Notes From Underground - Fyodor Dostoevsky, 1864, English: 1918. The first existentialist novel? I would advise a reader of this book to get a good translation. Mine came with footnotes at the back, and a good introduction.
This book is very much of its time and culture, unless you're a philosophy buff. I'm not. Philosophy is a mild interest, that's why I can only give you a layman's opinion. I first became interested in this book because I enjoyed the disclaimer the "underground man" character leaves on the first page -- it was featured in American Psycho, which I read about 3-4 years ago.
Even philosophy students or those who have more a clue on metaphysics than I do may struggle with the historical and cultural references made throughout the first chapter, which consists one a huge ramble. It's an interesting character, one you'd really have to study.
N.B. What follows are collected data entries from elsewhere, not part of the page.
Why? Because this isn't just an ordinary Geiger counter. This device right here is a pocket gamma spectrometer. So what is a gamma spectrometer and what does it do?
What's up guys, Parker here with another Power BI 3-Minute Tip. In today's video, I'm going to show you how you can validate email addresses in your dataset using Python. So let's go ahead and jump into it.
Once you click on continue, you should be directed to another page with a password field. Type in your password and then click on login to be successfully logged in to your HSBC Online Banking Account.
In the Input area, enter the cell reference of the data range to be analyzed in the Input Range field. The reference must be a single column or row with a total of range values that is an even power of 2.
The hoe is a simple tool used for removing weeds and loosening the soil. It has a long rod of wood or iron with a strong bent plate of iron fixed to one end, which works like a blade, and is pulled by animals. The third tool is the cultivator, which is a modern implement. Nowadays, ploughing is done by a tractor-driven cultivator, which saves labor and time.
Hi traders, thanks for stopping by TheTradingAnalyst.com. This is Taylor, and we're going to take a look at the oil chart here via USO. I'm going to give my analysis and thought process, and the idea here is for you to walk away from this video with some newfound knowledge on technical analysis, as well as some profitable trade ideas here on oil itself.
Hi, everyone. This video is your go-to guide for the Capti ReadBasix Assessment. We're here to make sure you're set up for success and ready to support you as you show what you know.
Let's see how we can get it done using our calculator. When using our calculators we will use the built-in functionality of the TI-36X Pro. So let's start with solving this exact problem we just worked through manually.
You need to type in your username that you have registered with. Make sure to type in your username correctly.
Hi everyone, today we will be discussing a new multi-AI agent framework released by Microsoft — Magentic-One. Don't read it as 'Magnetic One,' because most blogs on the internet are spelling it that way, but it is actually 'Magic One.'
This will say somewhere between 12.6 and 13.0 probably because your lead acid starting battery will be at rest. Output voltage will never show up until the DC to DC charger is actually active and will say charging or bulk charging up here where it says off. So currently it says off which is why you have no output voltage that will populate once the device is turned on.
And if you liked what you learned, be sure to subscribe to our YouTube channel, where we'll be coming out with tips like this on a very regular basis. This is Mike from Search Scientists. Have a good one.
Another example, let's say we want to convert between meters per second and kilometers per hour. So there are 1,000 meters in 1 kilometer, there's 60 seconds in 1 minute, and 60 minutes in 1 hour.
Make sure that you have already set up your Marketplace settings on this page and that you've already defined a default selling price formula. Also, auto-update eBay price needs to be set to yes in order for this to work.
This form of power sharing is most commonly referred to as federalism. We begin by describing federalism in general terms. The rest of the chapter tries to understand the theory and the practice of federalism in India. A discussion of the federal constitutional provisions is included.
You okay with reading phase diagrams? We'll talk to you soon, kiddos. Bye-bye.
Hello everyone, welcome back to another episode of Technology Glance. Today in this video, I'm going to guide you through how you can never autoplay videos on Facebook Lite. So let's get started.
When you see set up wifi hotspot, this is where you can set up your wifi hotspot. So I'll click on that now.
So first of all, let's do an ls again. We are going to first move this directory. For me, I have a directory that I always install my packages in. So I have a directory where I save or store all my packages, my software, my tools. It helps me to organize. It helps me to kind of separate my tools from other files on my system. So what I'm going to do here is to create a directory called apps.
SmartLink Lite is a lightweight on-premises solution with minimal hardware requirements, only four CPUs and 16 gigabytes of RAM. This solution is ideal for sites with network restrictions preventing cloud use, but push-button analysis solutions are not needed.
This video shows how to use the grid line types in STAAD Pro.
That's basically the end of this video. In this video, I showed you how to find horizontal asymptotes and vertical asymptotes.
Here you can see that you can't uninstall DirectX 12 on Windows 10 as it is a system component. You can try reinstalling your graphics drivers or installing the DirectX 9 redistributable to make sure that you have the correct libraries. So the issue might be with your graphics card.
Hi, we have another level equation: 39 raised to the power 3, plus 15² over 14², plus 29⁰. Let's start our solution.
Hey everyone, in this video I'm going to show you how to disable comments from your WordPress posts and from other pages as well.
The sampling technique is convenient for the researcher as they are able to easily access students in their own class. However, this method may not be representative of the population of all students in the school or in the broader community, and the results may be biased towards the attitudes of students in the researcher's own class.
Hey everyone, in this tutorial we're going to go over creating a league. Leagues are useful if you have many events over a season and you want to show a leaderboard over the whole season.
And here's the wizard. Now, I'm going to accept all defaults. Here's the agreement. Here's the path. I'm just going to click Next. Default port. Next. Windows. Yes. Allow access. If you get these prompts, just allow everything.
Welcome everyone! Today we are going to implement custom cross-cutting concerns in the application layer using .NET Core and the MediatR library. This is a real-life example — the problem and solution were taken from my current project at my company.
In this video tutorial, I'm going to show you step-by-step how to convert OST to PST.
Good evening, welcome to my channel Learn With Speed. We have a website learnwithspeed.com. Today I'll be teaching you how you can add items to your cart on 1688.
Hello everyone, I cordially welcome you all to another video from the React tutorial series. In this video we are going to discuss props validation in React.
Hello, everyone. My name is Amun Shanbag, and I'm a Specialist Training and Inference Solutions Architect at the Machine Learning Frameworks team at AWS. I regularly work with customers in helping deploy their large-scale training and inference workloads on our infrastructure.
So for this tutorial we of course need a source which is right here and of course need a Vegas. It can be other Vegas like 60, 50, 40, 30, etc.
The novel was written in reply to a philospher's maxim etc, as they all tend to disagree with each other and prove the other wrong, or to develop on what one has said. I thought this would be a good introduction to philosophy in literature format, what I didn't realise was that I would be constantly turning to the back of the book to look up Russian and historical references such as battles Atilla the Hun fought, as well as an onslaught of French phrases and movements.
It reminded me of the film Russian Ark (understood about as much as the context in this), at least that was accessible (I should say enjoyable, really..) due to the splendid, surreal visuals. To conclude: existential novel that also requires historical knowledge, rather than an insight into the realm of philosophic writing.